China, Hainan Island, Dadonghai Bay - Chinese vet rescues a stray dog. Image Credit: Evgenii Mitrokhin / Shutterstock
A genomic game of cat and mouse
When a virus invades a host, changes, and adaptations arise in their genomic information, just like a battle scar resulting from a fight with the immune system. All mammals have a crucial antiviral sentinel protein known as ZAP; this protein can prevent viral multiplication, degrade its genome, and stop further progression of the infection.
Within its genome, the virus contains a specific sequence of building blocks known as CpG dinucleotides (a cytosine followed by a guanosine), which basically acts as a noticeboard used by our immune system to seek and destroy the invader. This sequence is recognized by ZAP protein that patrols the lungs after being primed in the bone marrow and lymph nodes.
But viruses can ingeniously hit back. Single-stranded coronaviruses (like SARS-CoV-2) can steer clear of ZAP by reducing the number of their CpG dinucleotides, rendering in turn ZAP powerless. Consequently, this evolutionary trait of CpG loss is a survival response to human antiviral defenses.
"Think of a decreased amount of CpG in a viral pathogen as an increased threat to public health, while an increased amount of CpG decreases the threat of such viral pathogens," explains Dr. Xia. "A virus with an increased amount of CpG would be better targeted by the host immune system, and result in reduced virulence, which would be akin to natural vaccines."
The quest for CpG relatives
After examining a large number of coronavirus genomes, Dr. Xia found that pandemic SARS-CoV-2 and its most closely related bat coronavirus (BatCoV RaTG13) exhibit the lowest quantity of CpG among all close coronavirus relatives.
"This bat CoV genome is the closest phylogenetic relative of SARS-CoV-2, sharing 96% sequence similarity", says Dr. Xia.
When the study authors appraised the data in dogs, they observed that only genomes derived from canine coronaviruses (CcoVs) – which were the cause of a highly contagious intestinal disease in dogs around the world – exhibit CpG values similar to those found in SARS-CoV-2 and BatCoV RaTG13.
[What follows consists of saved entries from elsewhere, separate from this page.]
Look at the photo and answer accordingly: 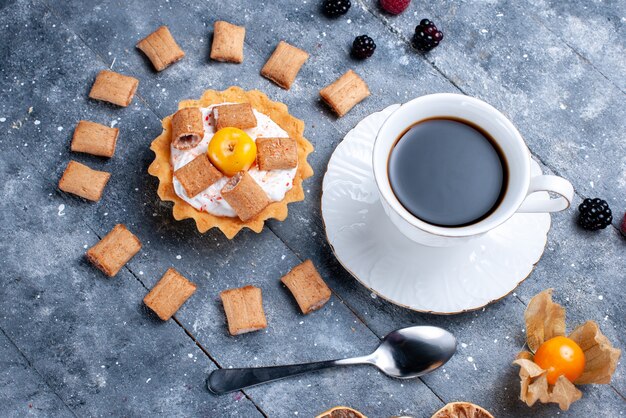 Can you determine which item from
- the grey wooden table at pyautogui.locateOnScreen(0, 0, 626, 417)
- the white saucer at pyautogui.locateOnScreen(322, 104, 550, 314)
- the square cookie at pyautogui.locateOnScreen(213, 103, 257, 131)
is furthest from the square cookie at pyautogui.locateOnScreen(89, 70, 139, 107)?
the white saucer at pyautogui.locateOnScreen(322, 104, 550, 314)

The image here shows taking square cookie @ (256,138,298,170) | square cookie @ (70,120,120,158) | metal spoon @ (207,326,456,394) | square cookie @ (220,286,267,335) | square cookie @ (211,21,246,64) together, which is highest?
square cookie @ (211,21,246,64)

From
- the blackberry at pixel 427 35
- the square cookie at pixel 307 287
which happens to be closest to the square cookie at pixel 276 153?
the square cookie at pixel 307 287

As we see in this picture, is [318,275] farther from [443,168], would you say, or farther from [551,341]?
[551,341]

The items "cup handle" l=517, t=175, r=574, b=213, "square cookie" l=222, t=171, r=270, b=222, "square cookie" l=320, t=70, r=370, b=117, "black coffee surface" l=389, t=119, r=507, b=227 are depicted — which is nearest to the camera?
"cup handle" l=517, t=175, r=574, b=213

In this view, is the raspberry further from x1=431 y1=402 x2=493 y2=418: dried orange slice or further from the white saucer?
x1=431 y1=402 x2=493 y2=418: dried orange slice

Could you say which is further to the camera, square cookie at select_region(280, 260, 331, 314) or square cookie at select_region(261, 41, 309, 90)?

Furthermore, coronaviruses that infect the digestive system in dogs also contain lower amounts of CpG than those known to infect their respiratory tract. This points to the fact that SARS-CoV-2 may have stemmed after its ancestor evolved in dog's digestive system – a fact further reinforced by a recent report showing a significant burden of gastrointestinal symptoms in COVID-19 patients.
How the virus ended up in humans?
Canid behavior includes licking anal and genital regions, which is not only found during mating but in other circumstances as well. This may indeed facilitate viral transmission from the gastrointestinal system to the respiratory tract, as well as subsequent switch from gastrointestinal to a respiratory pathogen.
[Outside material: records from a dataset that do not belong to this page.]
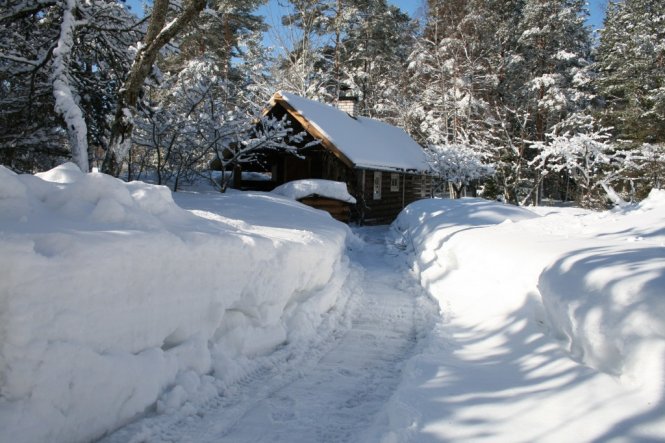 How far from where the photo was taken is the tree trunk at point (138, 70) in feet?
25.0

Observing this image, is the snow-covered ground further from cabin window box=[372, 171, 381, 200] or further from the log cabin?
cabin window box=[372, 171, 381, 200]

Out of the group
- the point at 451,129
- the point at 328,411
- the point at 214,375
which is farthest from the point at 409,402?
the point at 451,129

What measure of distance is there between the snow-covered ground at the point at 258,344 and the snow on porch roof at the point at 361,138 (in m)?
11.8

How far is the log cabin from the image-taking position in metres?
17.2

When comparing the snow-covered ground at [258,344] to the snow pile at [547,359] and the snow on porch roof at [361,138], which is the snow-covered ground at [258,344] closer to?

Based on the study results, the authors present a scenario where the coronavirus initially spread from bats to stray dogs consuming bat meat. Afterward, presumed strong selection against CpG in the viral genome while infecting dogs' intestines gave rise to rapid viral evolution towards reduced genomic CpG. Ultimately, such reduced CpG trait allowed the virus to evade human immune response mediated by ZAP and, thus, to become a severe human pathogen that we are faced with today.
"While the specific origins of SARS-CoV-2 are of vital interest in the current world health crisis, this study more broadly suggests that important evidence of viral evolution can be revealed by consideration of the interaction of host defenses with viral genomes, including selective pressure exerted by host tissues on viral genome composition", concludes Dr. Xia.